The modern hardware of the HPCx system, and its sophisticated compilers mean that many time-honoured code `hand-crafting' optimisation techniques are irrelevant, and should not be necessary except in the pathological case.
The use of appropriate optimisation switches at compile time can lead to significant (sometimes dramatic) improvements in execution time
Use of the thread-safe re-entrant versions of compilers ([mp]xlf90_r, [mp]xlc_r, [mp]xlC_r, etc) is essential for any code which is required to be thread-safe. There is no performance hit when using these compilers for codes which are not required to be thread-safe, so we recommend their use for all programs.
Fortran and C compilers have a similar set of optimisation switches, some of these are described briefly here. Users should refer to the relevant compiler documentation for more detailed information.
Enables 64-bit addressing which allows better memory management for all programs, even if 64-bit addressing is not explicitly exploited in the program.
The -qarch flag specifies the instruction set architecture of the machine, and may take advantage of instructions only available on the specified machine. pwr4 specifies that this is for the POWER 4 system. -qarch=auto may take advantage of instructions only available on the compiling machine (or similar machines). Initial test show that compiling with pwr5 can actually slow codes down. It may be worth experimenting with both pwr4 and pwr5 to see which works best for your code.
The -qhot flag forces the compiler to carry out certain high-order transformations of the source code. For example, loops with similar trip counts and no dependencies may be merged; inner and outer loops may be interchanged so that the innermost loop counter varies most rapidly; in some cases, intrinsic functions will be extracted from loops and computed in batches (vectorisation). -qhot is turned on automatically at -O4 and higher.
The -qtune flag biases the optimisation towards execution on a given machine, pwr4 specifies that this is for the POWER 4 system. -qtune=auto generates code which is automatically tuned for the compiling machine (or similar machines). As with the qtune flag, pwr5 may slow down codes. Again, it is worth experimenting with both options to see which works best for your code.
The -O flag is the main compiler optimisation flag and can be specified with a range of values.

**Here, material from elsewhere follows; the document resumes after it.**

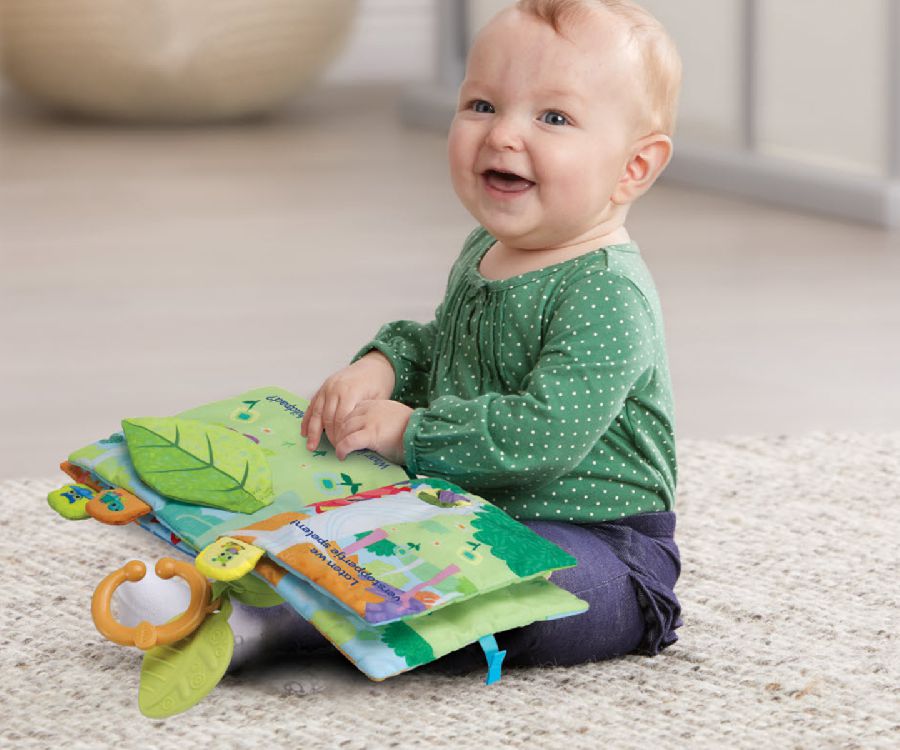 Zacht boekje Vtech Baby Boekje | Dierenvriendjes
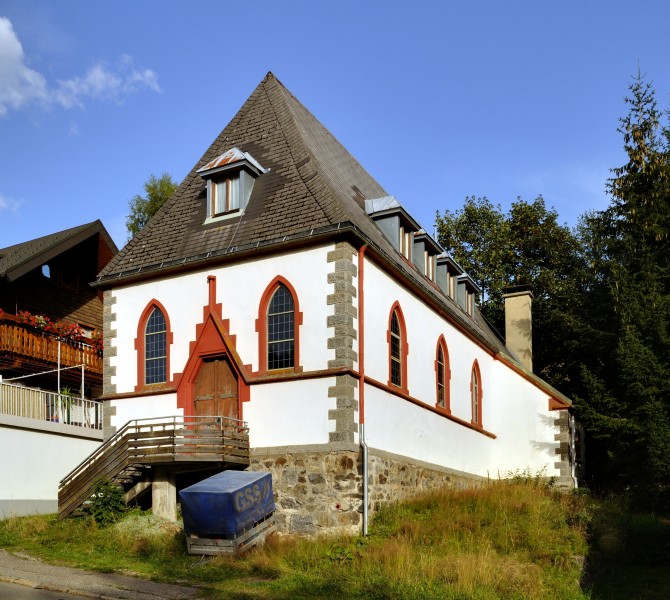Muggenbrunn - Evangelische Kirche1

A good mix of compiler switches to use when starting serious optimisation might be:
-qhot -qarch=pwr4 -O3 -q64
Please note that it is better to compile and debug your code first without optimisation. If your code is in some way non-standard, then optimising may break your code. Optimising your code in the above ways can alter the precise numerical results. If you do not want this to happen then try compiling with the -qstrict flag which will overcome this problem, but may result in some performance degradation.